What to do — Return the lines of the data below exactly. Start at the first and end with the line containing "Bristol Times and".

(Dataset entries)
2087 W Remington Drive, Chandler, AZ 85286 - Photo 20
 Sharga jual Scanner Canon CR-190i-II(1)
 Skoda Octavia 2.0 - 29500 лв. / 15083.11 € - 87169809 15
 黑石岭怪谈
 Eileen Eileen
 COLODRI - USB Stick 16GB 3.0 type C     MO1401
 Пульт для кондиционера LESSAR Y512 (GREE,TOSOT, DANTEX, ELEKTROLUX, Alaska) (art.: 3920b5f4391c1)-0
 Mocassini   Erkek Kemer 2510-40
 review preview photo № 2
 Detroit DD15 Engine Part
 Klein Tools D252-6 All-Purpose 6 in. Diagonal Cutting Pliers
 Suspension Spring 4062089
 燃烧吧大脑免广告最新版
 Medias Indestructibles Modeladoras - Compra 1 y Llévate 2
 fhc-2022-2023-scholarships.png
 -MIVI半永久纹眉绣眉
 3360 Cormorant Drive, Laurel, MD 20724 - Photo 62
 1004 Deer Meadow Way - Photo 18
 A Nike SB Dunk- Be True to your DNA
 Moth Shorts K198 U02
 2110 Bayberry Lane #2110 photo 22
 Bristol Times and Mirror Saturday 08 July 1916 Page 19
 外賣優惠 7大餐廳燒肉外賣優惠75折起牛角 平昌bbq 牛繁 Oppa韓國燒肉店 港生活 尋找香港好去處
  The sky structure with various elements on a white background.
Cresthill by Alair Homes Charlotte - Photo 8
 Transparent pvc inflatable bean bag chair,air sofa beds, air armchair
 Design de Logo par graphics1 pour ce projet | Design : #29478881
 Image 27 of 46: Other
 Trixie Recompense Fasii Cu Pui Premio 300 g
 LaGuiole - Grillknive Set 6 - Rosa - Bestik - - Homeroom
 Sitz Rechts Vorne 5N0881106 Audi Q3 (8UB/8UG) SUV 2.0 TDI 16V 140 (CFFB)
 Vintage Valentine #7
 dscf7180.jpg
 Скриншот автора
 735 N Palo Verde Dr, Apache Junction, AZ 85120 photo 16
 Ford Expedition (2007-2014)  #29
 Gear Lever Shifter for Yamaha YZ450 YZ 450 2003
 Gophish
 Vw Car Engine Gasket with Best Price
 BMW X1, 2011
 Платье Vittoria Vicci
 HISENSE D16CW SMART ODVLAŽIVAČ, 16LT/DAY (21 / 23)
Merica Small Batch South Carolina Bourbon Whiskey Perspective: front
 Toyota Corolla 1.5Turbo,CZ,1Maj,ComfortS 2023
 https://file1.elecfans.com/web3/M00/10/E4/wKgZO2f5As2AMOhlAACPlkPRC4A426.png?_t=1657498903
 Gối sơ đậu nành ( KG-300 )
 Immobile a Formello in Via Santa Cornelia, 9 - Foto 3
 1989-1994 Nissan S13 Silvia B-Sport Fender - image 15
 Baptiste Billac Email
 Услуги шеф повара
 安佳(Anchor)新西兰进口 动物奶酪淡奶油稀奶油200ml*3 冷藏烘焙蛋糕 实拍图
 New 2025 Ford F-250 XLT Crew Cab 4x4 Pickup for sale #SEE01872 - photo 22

Answer to this exercise —
2087 W Remington Drive, Chandler, AZ 85286 - Photo 20
 Sharga jual Scanner Canon CR-190i-II(1)
 Skoda Octavia 2.0 - 29500 лв. / 15083.11 € - 87169809 15
 黑石岭怪谈
 Eileen Eileen
 COLODRI - USB Stick 16GB 3.0 type C     MO1401
 Пульт для кондиционера LESSAR Y512 (GREE,TOSOT, DANTEX, ELEKTROLUX, Alaska) (art.: 3920b5f4391c1)-0
 Mocassini   Erkek Kemer 2510-40
 review preview photo № 2
 Detroit DD15 Engine Part
 Klein Tools D252-6 All-Purpose 6 in. Diagonal Cutting Pliers
 Suspension Spring 4062089
 燃烧吧大脑免广告最新版
 Medias Indestructibles Modeladoras - Compra 1 y Llévate 2
 fhc-2022-2023-scholarships.png
 -MIVI半永久纹眉绣眉
 3360 Cormorant Drive, Laurel, MD 20724 - Photo 62
 1004 Deer Meadow Way - Photo 18
 A Nike SB Dunk- Be True to your DNA
 Moth Shorts K198 U02
 2110 Bayberry Lane #2110 photo 22
 Bristol Times and Mirror Saturday 08 July 1916 Page 19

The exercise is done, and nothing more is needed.